Last, anatomy, which also contributes to the line-condfidence equation. I've seen manga where the perfectly-round face shape works, but it doesn't quite work for me in MacPherson's, because it's not quite perfectly round, either. The curve arcs inward, pushing the side of Let's jawbone in unnaturally, so her chin gives the impression of being a little too far to the side, a little bit off the middle. Note the jawlines on both of them Number 18's jaw has a small but definite upward angle defining the jawbone *before* the ear. Let's jaw sort of vaguely curves up, and the jawbone is showing as *behind* the ear. That reads wrongly and makes the head appear weirdly pulled-back and slightly misshapen.

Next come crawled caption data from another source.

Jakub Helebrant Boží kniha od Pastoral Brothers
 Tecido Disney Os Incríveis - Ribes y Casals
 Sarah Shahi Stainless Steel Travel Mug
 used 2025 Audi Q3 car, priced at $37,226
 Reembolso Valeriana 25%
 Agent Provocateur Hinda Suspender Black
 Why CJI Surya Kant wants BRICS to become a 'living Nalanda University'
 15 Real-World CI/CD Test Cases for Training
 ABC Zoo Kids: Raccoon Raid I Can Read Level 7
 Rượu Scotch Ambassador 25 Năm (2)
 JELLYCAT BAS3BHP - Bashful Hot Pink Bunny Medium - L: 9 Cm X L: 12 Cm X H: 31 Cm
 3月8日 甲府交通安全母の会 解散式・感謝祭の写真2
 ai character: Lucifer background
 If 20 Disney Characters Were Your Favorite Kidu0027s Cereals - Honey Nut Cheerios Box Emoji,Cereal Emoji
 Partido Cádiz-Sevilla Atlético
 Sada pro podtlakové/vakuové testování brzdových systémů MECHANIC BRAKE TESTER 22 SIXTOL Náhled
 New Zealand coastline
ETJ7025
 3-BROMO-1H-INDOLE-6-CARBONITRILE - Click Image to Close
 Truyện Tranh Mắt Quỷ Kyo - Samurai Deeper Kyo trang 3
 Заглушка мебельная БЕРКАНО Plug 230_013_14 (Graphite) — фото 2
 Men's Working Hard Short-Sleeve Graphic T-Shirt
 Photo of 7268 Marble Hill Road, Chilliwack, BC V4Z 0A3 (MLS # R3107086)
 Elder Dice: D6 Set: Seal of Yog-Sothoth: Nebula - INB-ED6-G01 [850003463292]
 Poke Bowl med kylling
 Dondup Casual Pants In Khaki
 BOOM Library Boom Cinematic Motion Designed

If you look at Number 18, yes her head *is* weirdly misshapen off of what we think of as human, but all the bits fit together correctly and give it an internal consistency that Let lacks.
The other major anatomy quibble with MacPherson's girl is her neck. The pose in these panels is similar - the character is thrusting her head forward in anger. But MacPherson doesn't get the emotion across and his character looks off-balance because of the neck. Number 18's neck thrusts forward with her head, but MacPherson's doesn't react to the movement of the head. This is unnatural - the body's parts *always* react with each other's movements and even if you don't notice it consciously, the figure still looks somehow wrong if nearby bits aren't reacting. This is something that MacPherson carries throughout the chapter, and his characters resemble bobblehead dolls whose heads are mounted on springs and whose bodies aren't entirely connected to the head. This is also why his characters' heads look too large while Toriyama's, whose heads are definitely on the same scale as MacPherson's, look natural -- Toriyama's heads move with the body while MacPherson's move independent of the body.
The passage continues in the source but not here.